How the New FLSA Overtime Rules Affect Businesses

August 15, 2016 Zuman

[Updated: November 30, 2016]

*The Fair Labor Standards Act was recently stopped by a federal judge. The following article contains information to help HR departments understand the gravity of compliance to labor laws. However, until further information is received, the FLSA will not be made legal or enforced by the Department of Labor. For more information, read SHRM's article, "Federal Judge Halts Overtime Rule."

The Labor Department and President Barack Obama unveiled a new ruling for overtime pay earlier this year that would have a sizable impact on the American workforce. As part of the expansion of the Fair Labor Standards Act, the DoL opened up overtime pay access to an estimated 4.2 million U.S. workers, all of whom were previously exempt. As The Washington Post reported, this is the first update to labor regulations since 2004, and only the third increase to the salary threshold in over four decades. As beneficial as this is to millions of employees, especially those in the middle-wage bracket, the change in the overtime rules does mean new responsibilities for HR departments, and businesses overall, everywhere.

The New Rules

The new FLSA overtime rule won't actually go into effect until December 1, 2016. When it does, there are a number of significant changes that will occur to open up overtime pay access to such a sizable segment of the workforce.

The overtime rule applies to workers who earn no more than $47,476 per year (or $913 a week). These employees will receive overtime pay regardless of their classification as professional or manager. As the Society for Human Resource Management pointed out, the original cut-off proposal $50,440, and while that's slightly lower, the final figure is still twice the previous threshold of $23,660. An increase to the threshold will happen once every three years, with update No. 1 occurring on January 1, 2020.

According to projections from the DoL, the salary threshold will increase to just over $51,000 total. There are several other modifications involved in the overtime rule, and managers in and out of the HR department would be wise to review the DoL's entire ruling document.

A Manager's Role

Employers have until December 1st to comply with the overtime rule, but that doesn't mean they should wait until the very last minute. During SHRM's annual conference in July, administrator Tammy McCutchen, formerly of the DOL's Wage & Hour Division, told attendees to get everything in place at least a week before! That's because not only will it provide employers more time in case an issue arises, but the December 1st deadline is a Thursday, and changing overtime pay midweek can be an especially confusing and complex process.

But what exactly does HR need to do to comply with the overtime rule? James Swartz, an attorney with the Atlanta-based Polsinelli law firm, told SHRM that HR teams will have to properly manage overtime hours for each employee.

HR Paving the Way

HR departments play a huge role in overtime pay compliance, touching on a number of different tasks and responsibilities.

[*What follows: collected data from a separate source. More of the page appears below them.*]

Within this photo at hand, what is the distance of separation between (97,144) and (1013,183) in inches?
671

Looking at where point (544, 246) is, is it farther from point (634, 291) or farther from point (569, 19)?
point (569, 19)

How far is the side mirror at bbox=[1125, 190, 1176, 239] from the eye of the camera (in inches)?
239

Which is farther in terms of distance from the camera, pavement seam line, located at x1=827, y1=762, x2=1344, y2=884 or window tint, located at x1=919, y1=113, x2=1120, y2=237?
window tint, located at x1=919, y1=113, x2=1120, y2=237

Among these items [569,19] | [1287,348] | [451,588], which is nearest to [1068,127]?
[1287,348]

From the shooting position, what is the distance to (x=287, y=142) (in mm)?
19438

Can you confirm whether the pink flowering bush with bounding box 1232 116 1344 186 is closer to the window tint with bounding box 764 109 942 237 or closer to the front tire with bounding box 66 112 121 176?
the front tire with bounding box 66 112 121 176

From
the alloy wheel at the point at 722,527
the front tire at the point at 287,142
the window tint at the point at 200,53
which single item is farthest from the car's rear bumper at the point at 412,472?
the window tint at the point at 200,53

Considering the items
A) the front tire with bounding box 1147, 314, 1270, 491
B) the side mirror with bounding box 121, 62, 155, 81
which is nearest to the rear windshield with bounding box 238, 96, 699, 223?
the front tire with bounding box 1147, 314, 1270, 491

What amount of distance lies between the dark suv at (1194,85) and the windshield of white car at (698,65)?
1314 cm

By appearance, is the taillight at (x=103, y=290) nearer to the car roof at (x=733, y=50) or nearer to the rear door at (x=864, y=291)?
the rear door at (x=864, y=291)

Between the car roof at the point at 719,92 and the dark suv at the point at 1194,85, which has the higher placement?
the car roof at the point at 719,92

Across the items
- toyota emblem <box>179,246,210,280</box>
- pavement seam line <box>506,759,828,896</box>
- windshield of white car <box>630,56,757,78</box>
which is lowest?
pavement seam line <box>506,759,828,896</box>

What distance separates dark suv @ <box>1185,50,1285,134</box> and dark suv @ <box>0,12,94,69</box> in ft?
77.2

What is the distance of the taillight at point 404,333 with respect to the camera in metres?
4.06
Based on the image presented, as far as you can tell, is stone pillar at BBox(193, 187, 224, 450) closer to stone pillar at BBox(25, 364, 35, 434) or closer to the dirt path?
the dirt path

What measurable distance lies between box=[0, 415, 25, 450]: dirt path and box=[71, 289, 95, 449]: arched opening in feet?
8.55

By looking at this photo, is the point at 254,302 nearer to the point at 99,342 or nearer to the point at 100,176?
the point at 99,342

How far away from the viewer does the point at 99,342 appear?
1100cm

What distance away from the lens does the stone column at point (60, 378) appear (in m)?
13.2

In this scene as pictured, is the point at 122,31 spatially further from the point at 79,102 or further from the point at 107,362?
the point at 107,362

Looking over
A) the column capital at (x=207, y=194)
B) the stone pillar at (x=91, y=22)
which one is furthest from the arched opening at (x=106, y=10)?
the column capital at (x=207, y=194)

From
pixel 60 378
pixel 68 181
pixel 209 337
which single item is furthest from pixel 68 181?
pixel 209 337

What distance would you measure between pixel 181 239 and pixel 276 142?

One of their biggest duties is to make sure managers and supervisors are properly trained in things like tracking time, reporting it and how to interact with employees on overtime-related issues. It's also a good idea for HR leaders to touch base with the actual employees, to ensure they know what's going on, how to work with the supervisors and to address any questions or concerns.

HR departments must also understand how the overtime rule might impact state wage notification. Depending on the state, certain wage notification laws might require notices to be sent out regarding the changes, either 30 days or one pay period in advanced. Not sending out proper notifications is not only illegal, but can add additional work to the HR professional.

Though employee and manager communications are essential, the bulk of an HR department's work may be in deducing primary costs, especially as it pertains to reclassification versus salary increases. Robert Boonin, a lawyer and past chair of the  Wage and Hour Defense Institute, told SHRM it might be wise for companies to determine the feasibility of salary hikes. That way, companies can retain some exempt status for employees who are just on the cusp of the new salary threshold. As long as employers pay them on a quarterly basis, non-discretionary bonuses of up to 10 percent are included in the calculations of salary exemption.

For the FLSA transition, businesses, especially small to medium sized businesses, are going to need help ensuring operations continue unhindered. Thus, it is important to have a solution which allows an HR team to fully manage and track time and wages accurately.